Exercise:
Where the data below contains pictures, omit them; output the rest word for word.

Dataset extract:
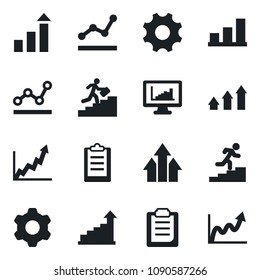 Set of vector isolated black icon - growth statistic vector, settings, clipboard, monitor statistics, bar graph, point, career ladder, arrow up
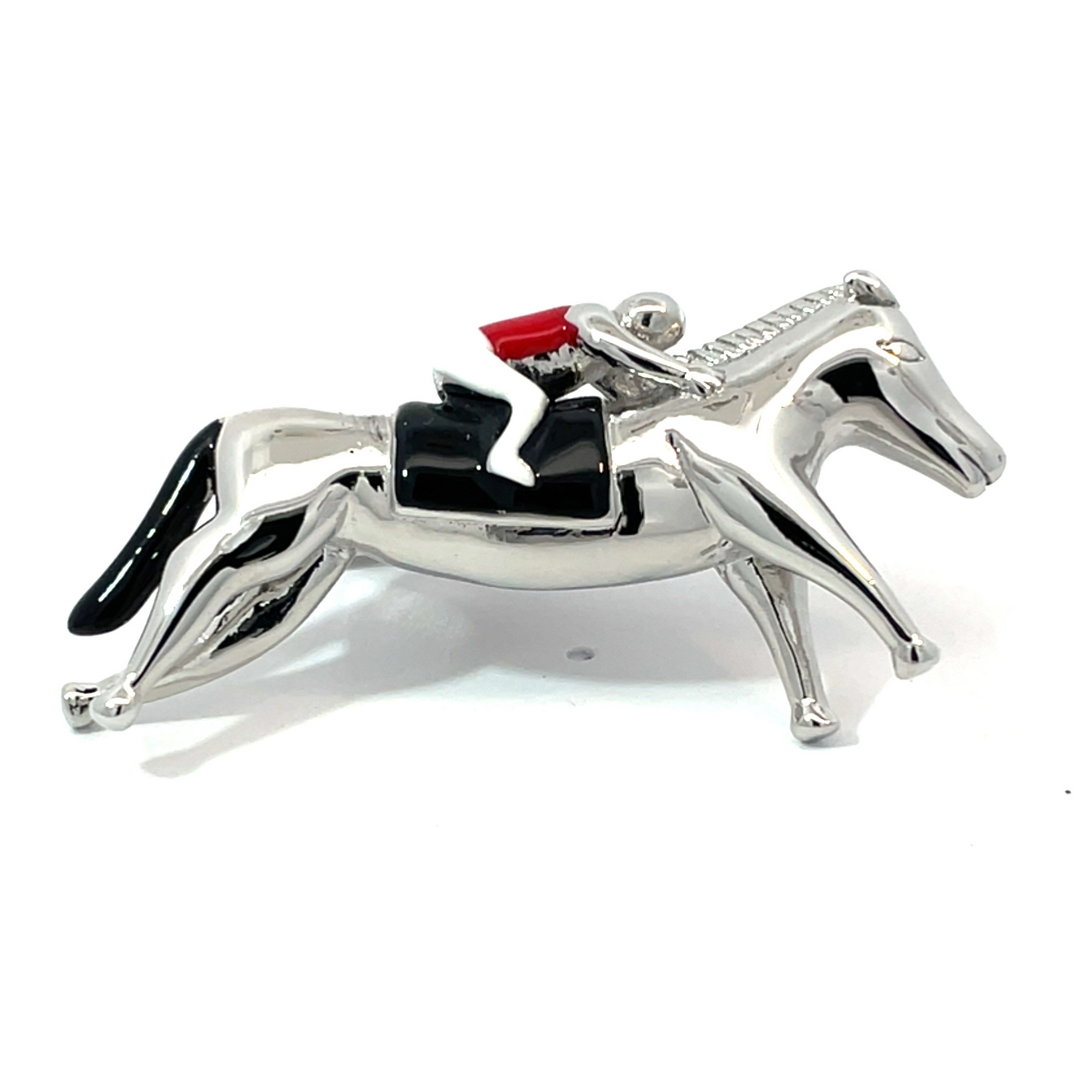 Coloured Horse & Jockey 3D Tie Clip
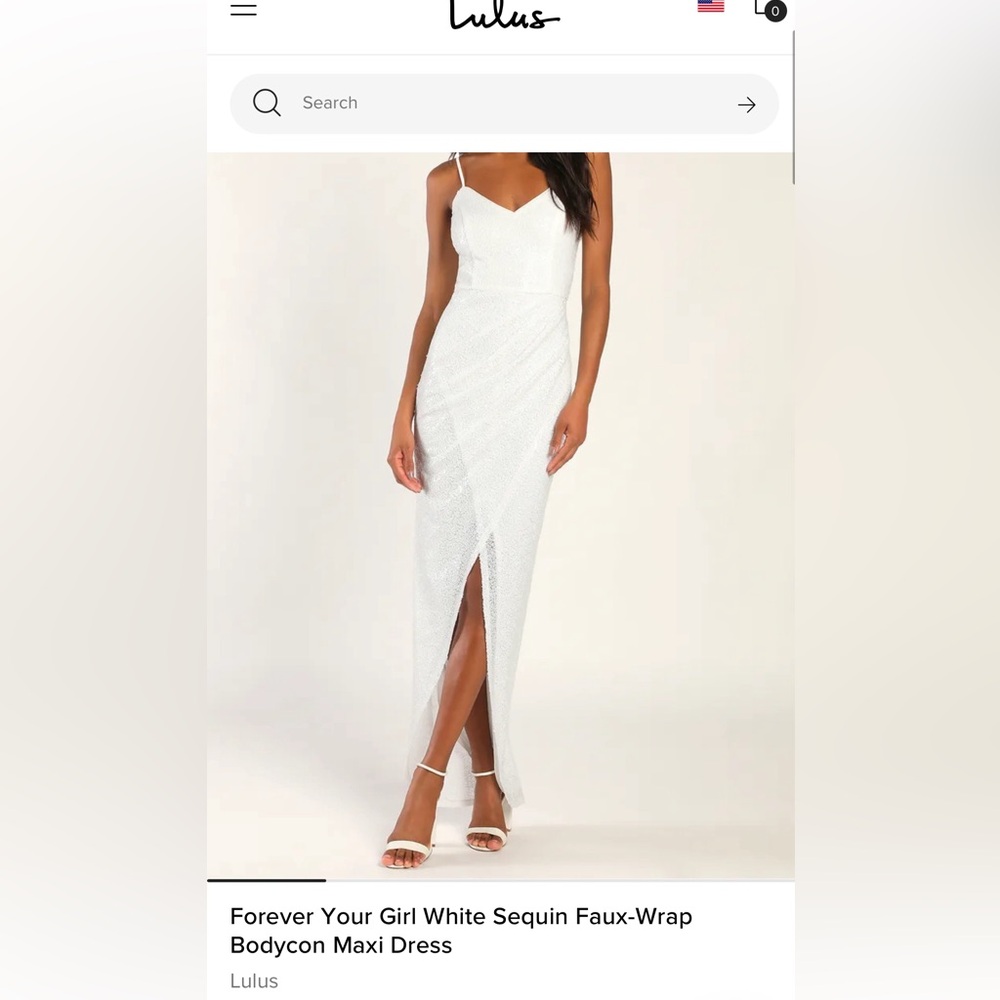 Lulu’s Forever Your Girl white sequin bodycon faux wrap style dress - NWT - S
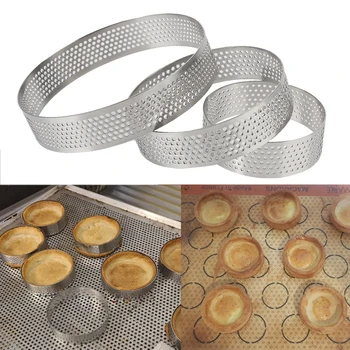 Cookies Pečivo Kruhu Fréza Tartlet Tortu Mousse Formy na Pečenie Nástroje 6 8 10 CM Koláč Krúžok Tortu Formy Perforované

Answer for this exercise:
 Set of vector isolated black icon - growth statistic vector, settings, clipboard, monitor statistics, bar graph, point, career ladder, arrow up
 Coloured Horse & Jockey 3D Tie Clip
 Lulu’s Forever Your Girl white sequin bodycon faux wrap style dress - NWT - S
 Cookies Pečivo Kruhu Fréza Tartlet Tortu Mousse Formy na Pečenie Nástroje 6 8 10 CM Koláč Krúžok Tortu Formy Perforované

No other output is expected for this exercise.